Work instruction.
Pictures are to be left out. Return exactly the lines below from the one with "2023 New Autumn/Winter" up to and including the one with "Skoda Fabia Produktion".

Records for processing.
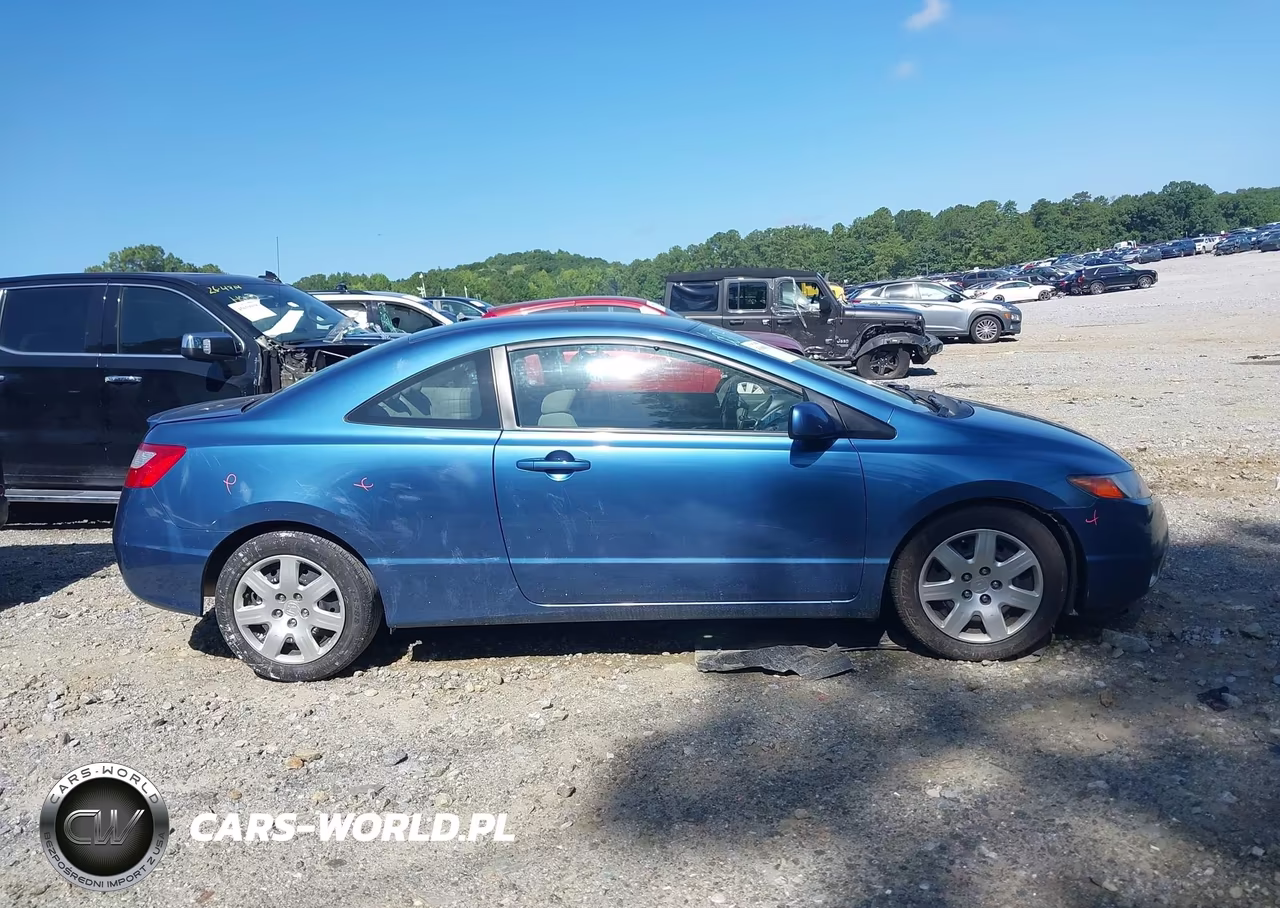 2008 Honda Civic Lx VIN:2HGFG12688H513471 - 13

---

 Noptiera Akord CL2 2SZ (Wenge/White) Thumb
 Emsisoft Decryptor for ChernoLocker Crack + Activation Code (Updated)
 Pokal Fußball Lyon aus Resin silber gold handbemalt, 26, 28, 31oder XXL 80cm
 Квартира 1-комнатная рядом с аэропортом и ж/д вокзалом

---

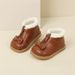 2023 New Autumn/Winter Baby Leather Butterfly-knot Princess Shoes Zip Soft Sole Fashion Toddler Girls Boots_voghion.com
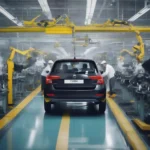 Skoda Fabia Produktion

Exercise result.
 2023 New Autumn/Winter Baby Leather Butterfly-knot Princess Shoes Zip Soft Sole Fashion Toddler Girls Boots_voghion.com
 Skoda Fabia Produktion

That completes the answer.